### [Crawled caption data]
[Start of Attachment]

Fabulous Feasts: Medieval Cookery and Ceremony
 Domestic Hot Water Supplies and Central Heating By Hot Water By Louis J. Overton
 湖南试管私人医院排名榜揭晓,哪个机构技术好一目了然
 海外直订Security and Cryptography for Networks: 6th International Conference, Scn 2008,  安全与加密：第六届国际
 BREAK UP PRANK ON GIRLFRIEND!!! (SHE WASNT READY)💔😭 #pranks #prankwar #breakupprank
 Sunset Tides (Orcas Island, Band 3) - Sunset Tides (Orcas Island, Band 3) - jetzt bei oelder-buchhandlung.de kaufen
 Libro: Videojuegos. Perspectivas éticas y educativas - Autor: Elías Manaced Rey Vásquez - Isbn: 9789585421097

[End of Attachment]

### [AIM OF THE TASK]
All lines from the one that contains "Domestic Hot Water" to the end of the records above are to be copied exactly; leave out the rest.

### [RESULT]
 Domestic Hot Water Supplies and Central Heating By Hot Water By Louis J. Overton
 湖南试管私人医院排名榜揭晓,哪个机构技术好一目了然
 海外直订Security and Cryptography for Networks: 6th International Conference, Scn 2008,  安全与加密：第六届国际
 BREAK UP PRANK ON GIRLFRIEND!!! (SHE WASNT READY)💔😭 #pranks #prankwar #breakupprank
 Sunset Tides (Orcas Island, Band 3) - Sunset Tides (Orcas Island, Band 3) - jetzt bei oelder-buchhandlung.de kaufen
 Libro: Videojuegos. Perspectivas éticas y educativas - Autor: Elías Manaced Rey Vásquez - Isbn: 9789585421097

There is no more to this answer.